The President. Well, I do believe that we ought to dramatically increase our assistance, which we will do. I think we ought to dramatically increase our private investment in South Africa, which I intend to work on. I think we ought to do what we can to mobilize the resources of other nations to also contribute. And I intend to spend a lot of time and effort on that.

I don't know that I would say it's exactly like the Marshall plan or that that is exactly what is needed, but it's obvious that a lot of money, a lot of investment, and a lot of opportunity is going to be needed to sort of jumpstart South Africa. It's a very rich country. And I think that the promise of this new democracy is that people will be able to live up to their potential. And I intend to do what I can to be a strong partner in that.

Q. This is the last one to—would you—you would probably be going to Africa soon, and is there any intention of paying a visit to our country?

The President. Well, I hope that I can go, and I very much want to go. I assure you I'm going to send a very high-level delegation to the inauguration to celebrate the elections. And I have been talking with my staff about when I can go to Africa.

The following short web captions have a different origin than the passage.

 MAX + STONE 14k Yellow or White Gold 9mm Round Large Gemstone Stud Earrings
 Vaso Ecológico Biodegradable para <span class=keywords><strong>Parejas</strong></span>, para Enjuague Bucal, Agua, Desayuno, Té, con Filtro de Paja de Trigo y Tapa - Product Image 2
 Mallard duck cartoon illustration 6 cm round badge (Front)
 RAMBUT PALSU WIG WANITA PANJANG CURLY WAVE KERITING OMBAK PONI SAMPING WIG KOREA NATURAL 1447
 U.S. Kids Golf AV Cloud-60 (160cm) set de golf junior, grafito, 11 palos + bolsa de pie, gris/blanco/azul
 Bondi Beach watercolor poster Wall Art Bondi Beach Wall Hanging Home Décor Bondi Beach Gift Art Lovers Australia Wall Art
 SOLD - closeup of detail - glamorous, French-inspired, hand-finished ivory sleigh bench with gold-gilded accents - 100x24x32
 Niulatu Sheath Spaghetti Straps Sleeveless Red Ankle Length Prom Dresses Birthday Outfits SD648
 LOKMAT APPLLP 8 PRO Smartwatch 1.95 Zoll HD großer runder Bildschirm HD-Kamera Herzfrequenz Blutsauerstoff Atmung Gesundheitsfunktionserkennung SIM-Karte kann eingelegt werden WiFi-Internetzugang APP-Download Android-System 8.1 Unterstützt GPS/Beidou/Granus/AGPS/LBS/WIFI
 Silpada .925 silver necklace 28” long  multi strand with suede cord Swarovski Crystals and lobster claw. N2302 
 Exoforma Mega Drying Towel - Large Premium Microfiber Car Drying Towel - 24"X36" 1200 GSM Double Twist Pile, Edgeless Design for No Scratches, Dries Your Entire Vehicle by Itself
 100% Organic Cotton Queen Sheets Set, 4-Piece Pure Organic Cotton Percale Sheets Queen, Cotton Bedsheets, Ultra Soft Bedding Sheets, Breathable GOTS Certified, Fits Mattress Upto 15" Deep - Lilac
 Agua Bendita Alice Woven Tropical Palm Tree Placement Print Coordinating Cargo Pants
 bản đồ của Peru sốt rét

This year, because of the 50th anniversary of the ending of World War II, I will wind up making three trips to Europe, and I will go to Asia in the fall. But in 1995, 1996, my travel schedule is more open. And I very much want to go there.

I think that the United States, frankly, has not—with the exception of South Africa—has not paid as much attention to Africa as it should have and to its long-term potential and particularly to those countries that are trying to resolve their political problems and do things to help their people. So I would be honored to go there. I don't have a trip scheduled, but I hope I can go.

[An interviewer asked whether a successful South Africa would help the world to confront the problem of increased racial and ethnic conflict.]

The President. Well, I do have some thoughts, actually. I think it has worked in South Africa partly because people with enormous influence decided to be statesmen instead of wreckers. After a certain amount of time, you had the leaders of the various groups deciding that there was no longer a future in fighting and killing and dying, that splitting the country up was not an option, and that somehow they were going up or down together. And then they translated those understandings into concrete commitments, not just an election. An election is only part of it, although a big part.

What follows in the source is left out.